--- Material provided Enclosed Below ---

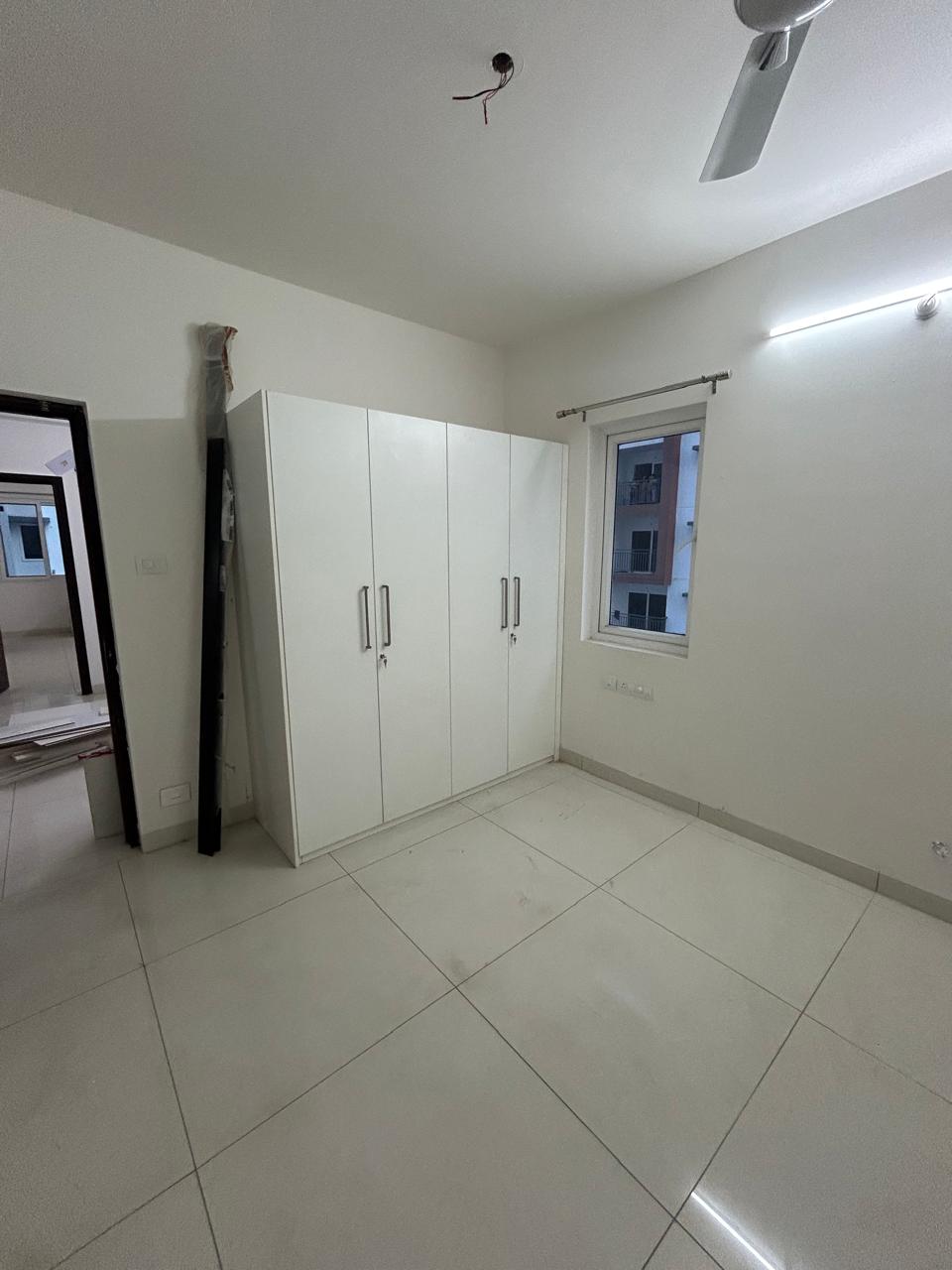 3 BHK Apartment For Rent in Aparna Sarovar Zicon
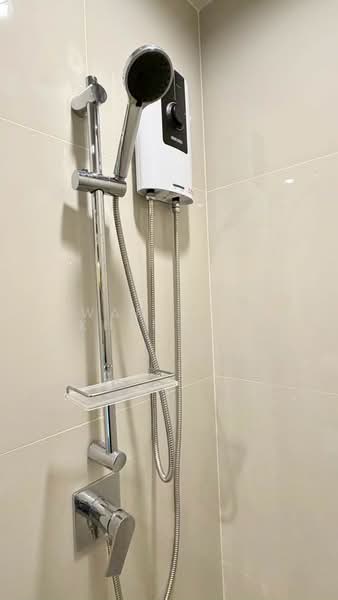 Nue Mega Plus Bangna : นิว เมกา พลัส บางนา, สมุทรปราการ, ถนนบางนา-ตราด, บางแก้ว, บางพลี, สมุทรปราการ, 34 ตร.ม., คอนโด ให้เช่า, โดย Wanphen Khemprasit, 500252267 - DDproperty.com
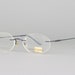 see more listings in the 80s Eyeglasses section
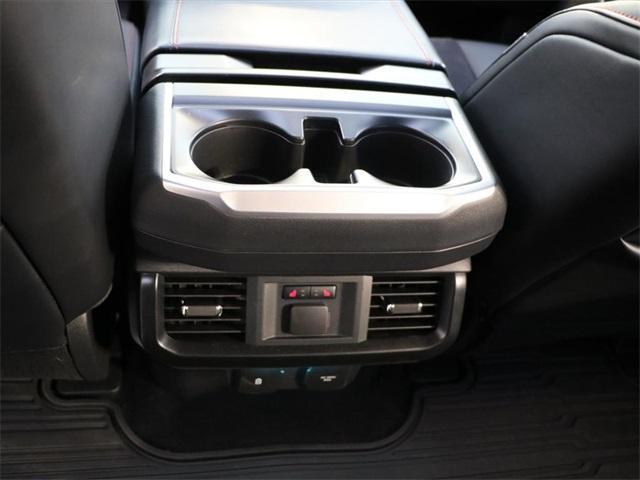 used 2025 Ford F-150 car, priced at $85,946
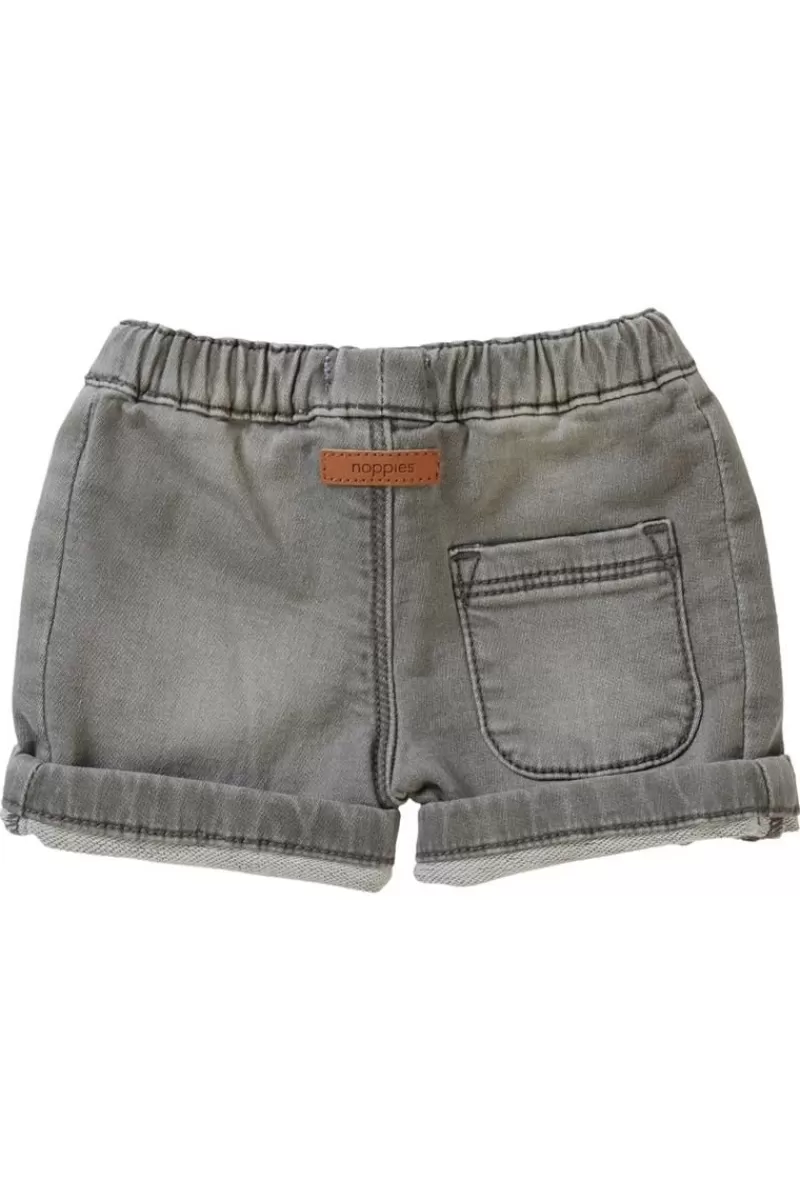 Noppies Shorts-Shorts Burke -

--- End of Enclosed Material provided ---

▶ _Problem to work on_:
From the data above, write out everything exactly except the pictures.

▶ _Your solution_:
 3 BHK Apartment For Rent in Aparna Sarovar Zicon
 Nue Mega Plus Bangna : นิว เมกา พลัส บางนา, สมุทรปราการ, ถนนบางนา-ตราด, บางแก้ว, บางพลี, สมุทรปราการ, 34 ตร.ม., คอนโด ให้เช่า, โดย Wanphen Khemprasit, 500252267 - DDproperty.com
 see more listings in the 80s Eyeglasses section
 used 2025 Ford F-150 car, priced at $85,946
 Noppies Shorts-Shorts Burke -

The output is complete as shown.